Setidaknya itulah beberapa alasan yang dibeberkan Luci, serta amatan pertandingan yang sudah Lontar ikuti sejak 2016 silam.
Persipura Jadi Pesakitan Klub Kasta 3
Setali tiga uang, Luci juga didera masalah lagi di klub Mutiara Hitam. Bersama skuatnya, ia keok dari klub Liga 3, Persidago Gorontalo. Kekalahan ini, makin menyakitkan, sebab membuat Persipura harus tersingkir dari Piala Indonesia.
Kekalahan itu bisa dibilang menyakitkan. Alasannya, Persipura sudah menang 2-1, namun skor tandangnya tidak mampu menutup selisih gol. Saat bermain di Gorontalo, Persipura dikalahkan tipis dengan skor 1-0.
Saat ditanya soal kekalahan, Luciano Leandro enggan menyalahkan siapa-siapa. Ia mengakui kekuatan bertahan Persidago dengan memainkan sepakbola negatif. Buktinya, Persidago tidak jadi bulan-bulanan gl anak asuhnya.
“Kegagalan mencetak tiga gol bukan disebabkan permainan Persidago. Kami tidak ingin mencari alasan. Kami hanya kurang beruntung, walau mendapat banyak peluang,” ucap Luciano.
“Sekarang kami fokus memperbaiki kekurangan agar ke depannya bisa lebih baik lagi. Waktu persiapan yang kami punya juga cukup.”
Secara tidak langusng, pelatih Persidago Romi Malanua, mengakui apa yang diucapkan Luci. Tingkat disiplin pemainnyalah yang membuat Persipura sulit mengembangkan permainan.

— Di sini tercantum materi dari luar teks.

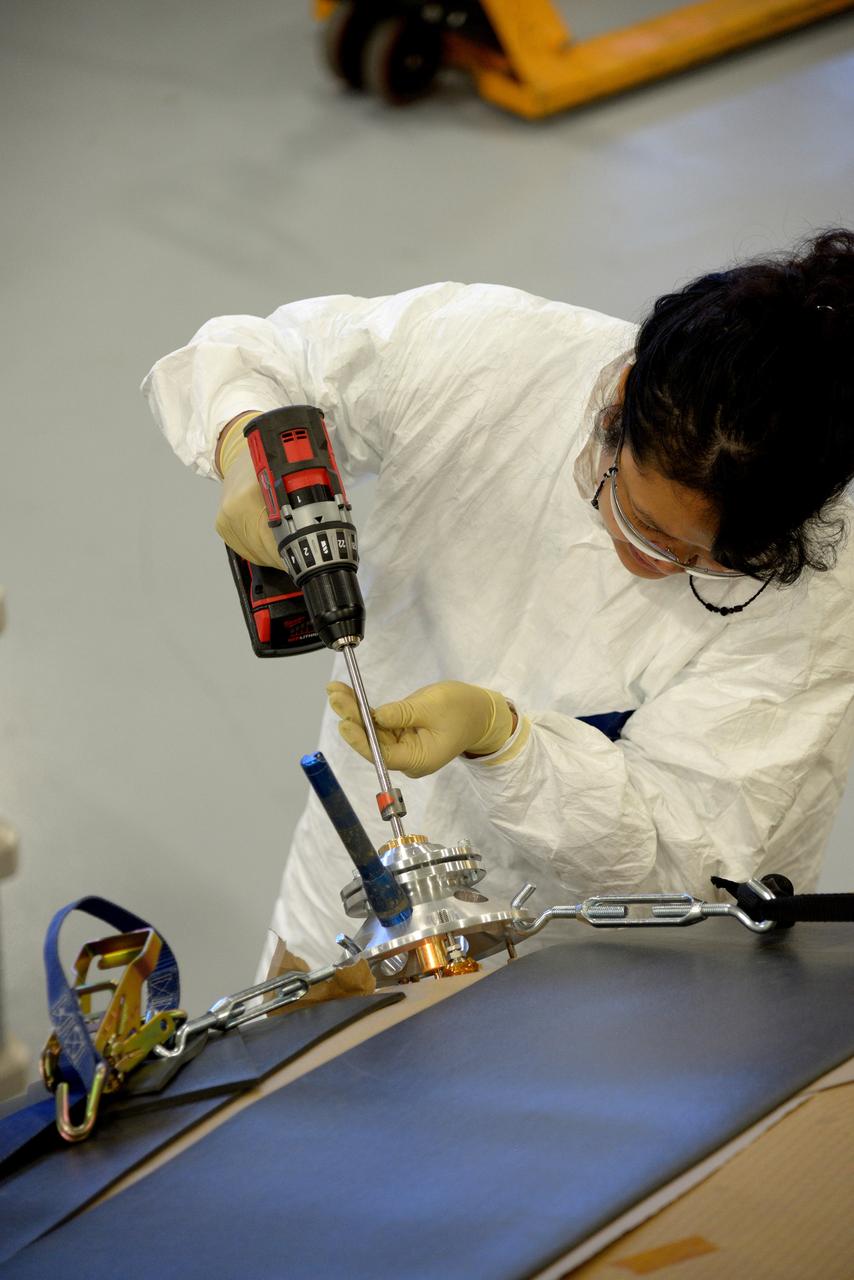 Technicians at Textron in Wimington, MA, drill repair plugs on the Exploration Flight Test-1 (EFT-1) Orion heat shield on Nov. 24, 2013. Part of Batch image transfer from Flickr.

“Persipura sangat mendominasi sekali, tapi kami sangat beruntung, dan juga kami berusaha dengan baik sesuai dengan kemampuan. Kali ini keberuntungan ada di pihak kami,” ujar Romi.
“Awalnya kami sudah mengatakan, datang ke sini tidak membawa target. Kami hanya ingin berlatih dan belajar dari tim sekelas Persipura, tetapi di lapangan hasilnya lain. Anak-anak juga punya daya juang dan kemauan tinggi, sehingga bisa lolos ke fase selanjutnya.”

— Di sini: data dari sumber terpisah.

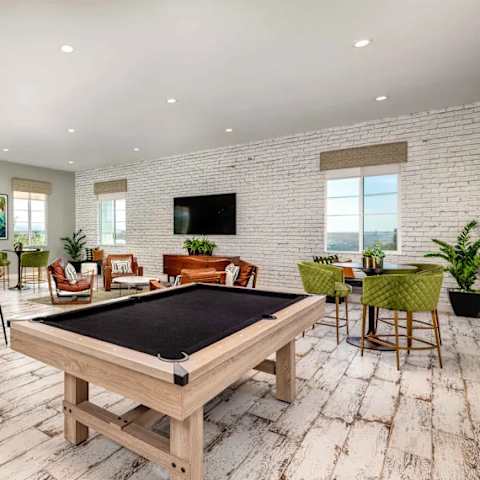 A pool table is in the middle of a room with a brick wall and a television.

Cukup diketahui, Persipura memang agak turun “mesin” sejak tahun lalu. Tercatat, 12 kekalahan yang dideranya sebelum mengakhiri Liga 1 musim 2018.
Trek tersebut tentu saja buruk, karena semenjak 2009, Persipura tak pernah selemah itu di hadapan klub liga Indonesia, baik papan atas apalagi papan bawah, terlebih kasta rendah.
Di sinilah letak kesulitan yang harus dibenahi Luciano. Jika ia sukses membawa Persipura keluar dari tekanan tren buruknya, ia bisa mencatatkan namanya dengan harum. Jika tidak?
Tentunya asumsi akan menguar, kalau Luci cuma pandai mengolah si kulit bundar, tetapi tak mampu memimpin si pengolah kulit bundar di lapangan. Belum terlalu dini bukan untuk mengucap: Sudahlah Luci, kau cuma cocok jadi pemain bola, bukan pelatih.